Sądowa przepychanka trwała przez wiele lat ale Naczelny Sąd Administracyjny wydał w końcu wyrok. Mo-Bruk musi zamknąć wałbrzyskie składowisko i zapłacić około 25 milionów kary. Plus odsetki.
Zacznę od zdjęcia. Oby „zobrazować” problem jakim jest Mo-Bruk, poprosiłem pana Roberta Nowaka o zgodę na opublikowanie jednego ze zdjęć, które wykonał. Zgodę otrzymałem.
Pan Robert Nowak mieszka bowiem w takim miejscu, z którego dobrze Mo-Bruk widać. Od wielu lat fotografuje więc to co się tam dzieje i wypowiadał się publicznie na ten temat. Wśród jego zdjęć są oczywiście takie, które pokazują spektakularne pożary. Wybrałem jednak zdjęcie które, w kontekście do otoczenie, dobrze pokazuje wielkość tego składowiska. Jest to istotne gdyż wielu ludzi nie zdaje sobie sprawy z wielkości problemu.
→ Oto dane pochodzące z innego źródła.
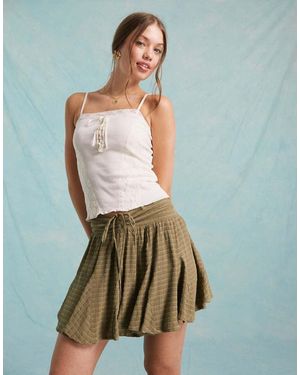 Miss Selfridge Minigonna Pantalone A Quadri Allacciata Sul Davanti - Verde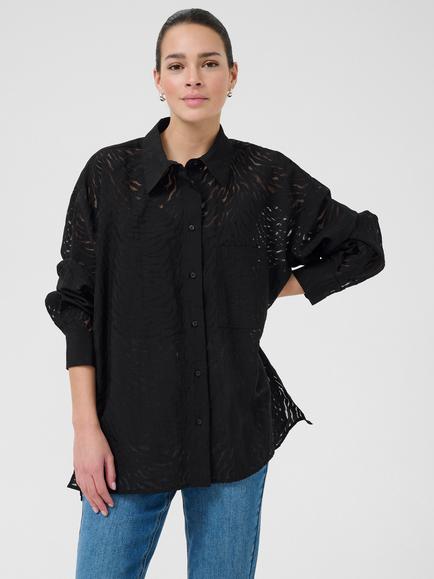 KAFFE Vivian Burnout Long Sleeve Shirt, Black, Black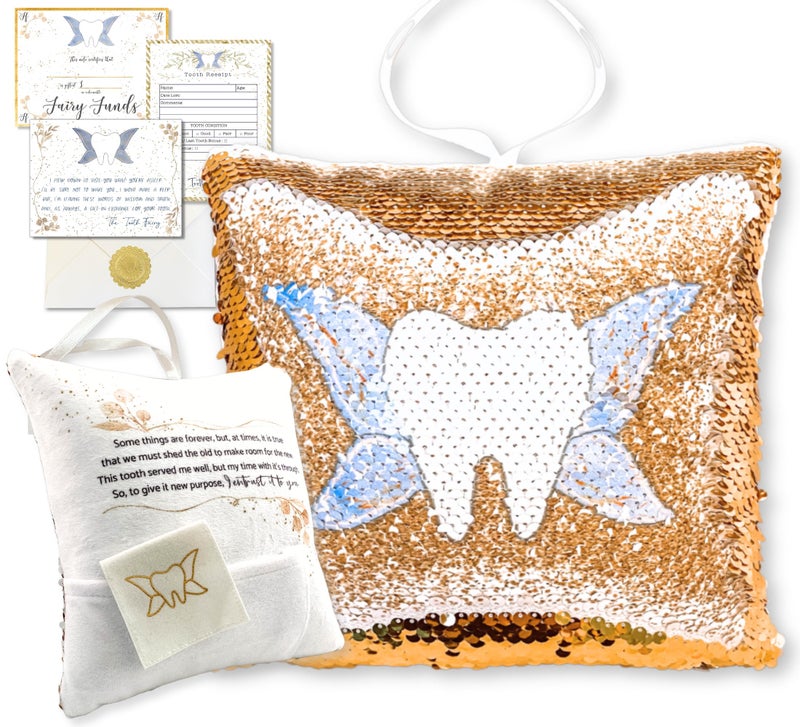 20 Moments of Tooth Tooth Fairy Pillow Kit for Girls and Boys  Tooth Fairy Evidence Kit with Tooth Fairy Bag  Multi Color Reversible Sequin and Large Pocket  Tooth Pillow with Tooth Fairy Bag 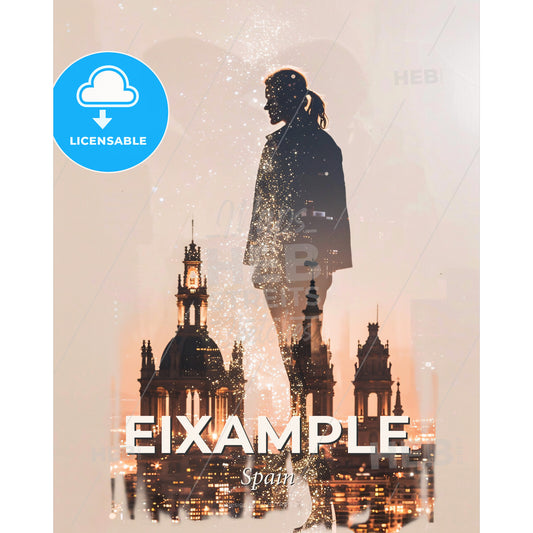 Eixample City Skyline and Icons Bright Poster Art - A silhouette of a man in a city - Square format print template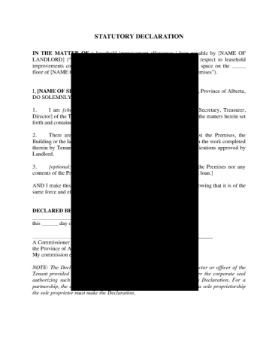 Alberta Declaration of Completion of Leasehold Improvements Alberta Declaration of Completion of Leasehold Improvements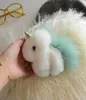 Unicorn Design Real Rex Rabbit Fur Keychain Fashion Pink Blue Bag y Söta nyckelringar Ryggsäck Hantverk Handväska Keyrings2558228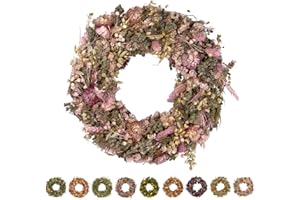 PHILARO Trockenblumenkranz All Seasons Ø 30cm rosa- kein Plastik I Trockenblumen Premium Qualität aus Europa - Türkranz - Tischkranz - Wandkranz - Trockenblumenkranz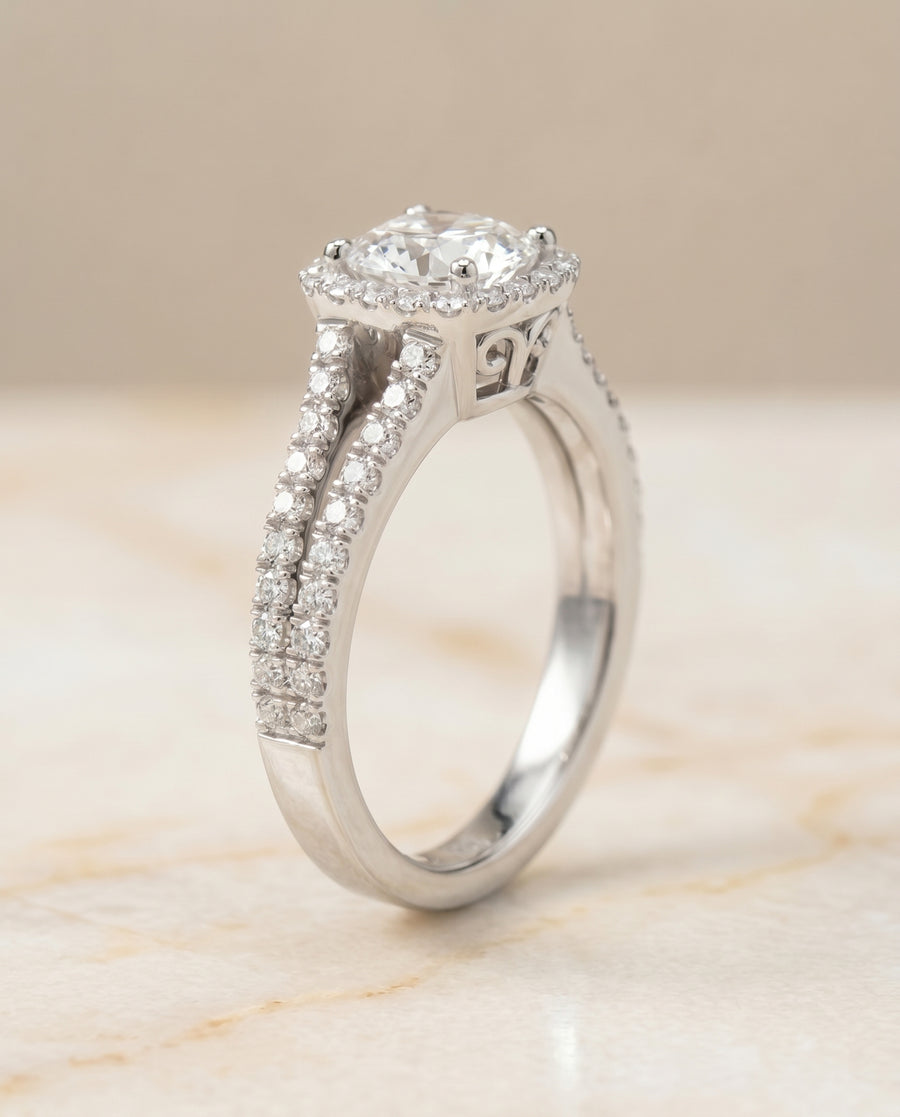 The Aretha Engagement Ring, made to order in our Los Angeles atelier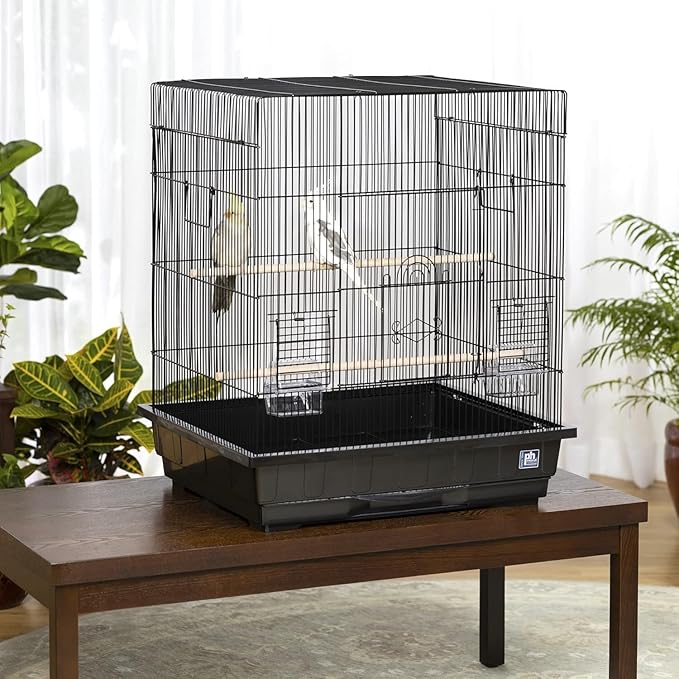 Artisanal Attic Square Roof Bird Cage with Unique Square Roof Design, Durable Construction, Spacious Interior White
Wyrok NSA pomija sprawę rekultywacji. Mo-Bruk twierdzi, że teren ten został już rekultywowany. Oznacza to chyba, że czeka nas jeszcze wieloletni proces którego celem powinno być zmuszenie Mo-Bruku do pokrycia kosztów prawdziwej rekultywacji. To co widać na tym zdjęciu wskazuje bowiem, że koszt będzie większy niż zasądzona przez NSA kara. Wiemy przecież, że składowisko to powstało w miejscu w którym istniały zbiorniki osadowe. Najpierw wybrano z nich muł węglowy. Następnie przywożono tam tworzywa sztuczne, azbest i trudne do identyfikacji odpady przemysłowe. Pożary przerabiały to na popiół, ale jak wiadomo nic w przyrodzie nie ginie, tylko zmienia lokalizację, czyli dymy pożarów roznosił to po Wałbrzychu i okolicy. Bez ryzyka popełnienia błędu, można jednak napisać, że są tam ciągle tysiące ton ciężkiej chemii. Takiej przed którą niech nas ręka boska broni.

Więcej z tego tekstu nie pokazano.